INSTRUCTIONS TO FOLLOW ▸ Would you reproduce the data below exactly, please, leaving out its images?

INPUT DATA ▸
----------------------------------------
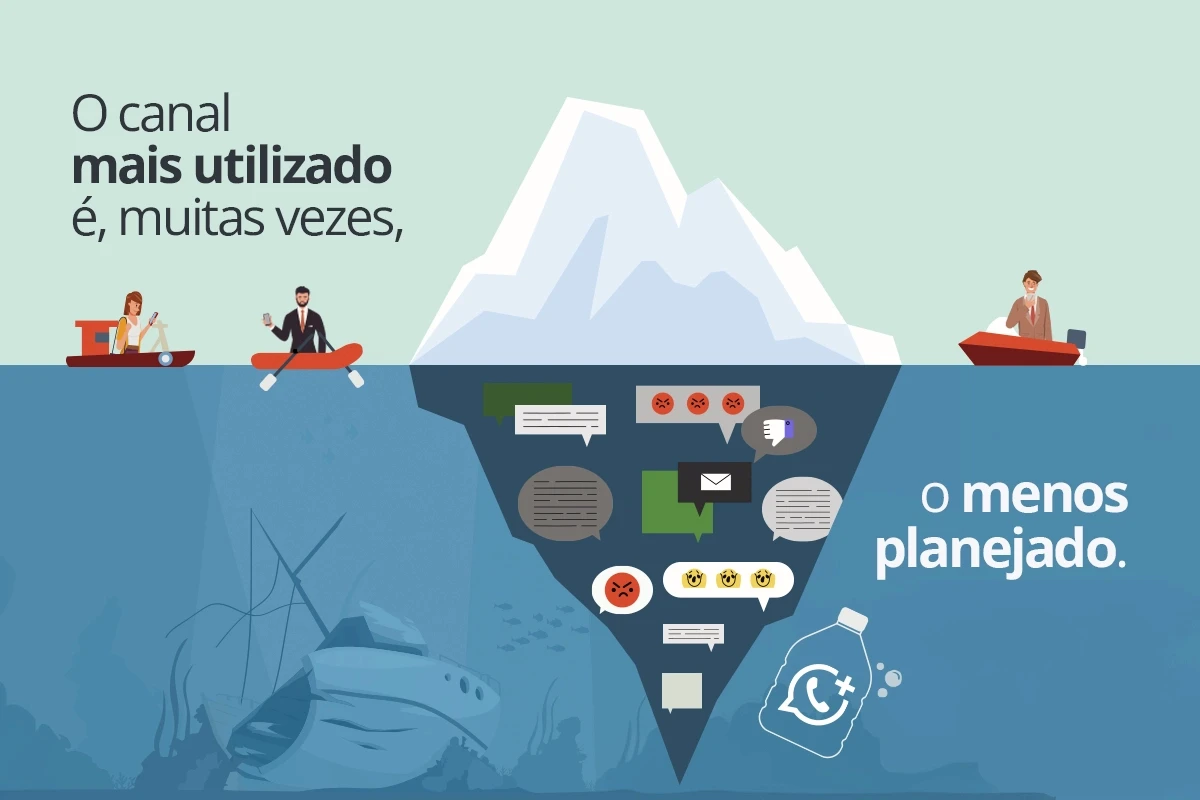 O canal mais utilizado é, muitas vezes, o menos planejado.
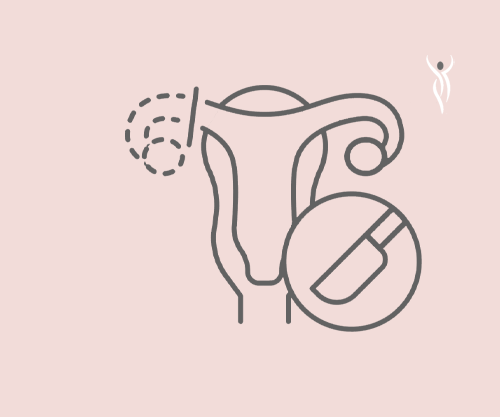 A line art icon of the female reproductive system featuring a circular "refresh" arrow around the uterus and a droplet symbol at the bottom, set on a soft pink background.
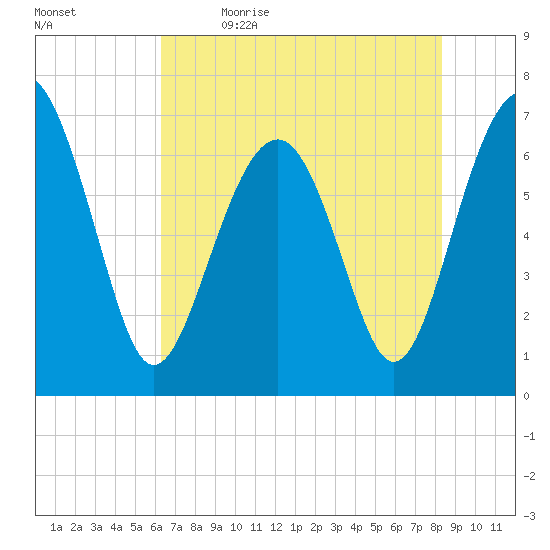 Hilton Head tide chart for Tuesday, May 23, 2023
----------------------------------------
COMPLETED TASK ▸
 O canal mais utilizado é, muitas vezes, o menos planejado.
 A line art icon of the female reproductive system featuring a circular "refresh" arrow around the uterus and a droplet symbol at the bottom, set on a soft pink background.
 Hilton Head tide chart for Tuesday, May 23, 2023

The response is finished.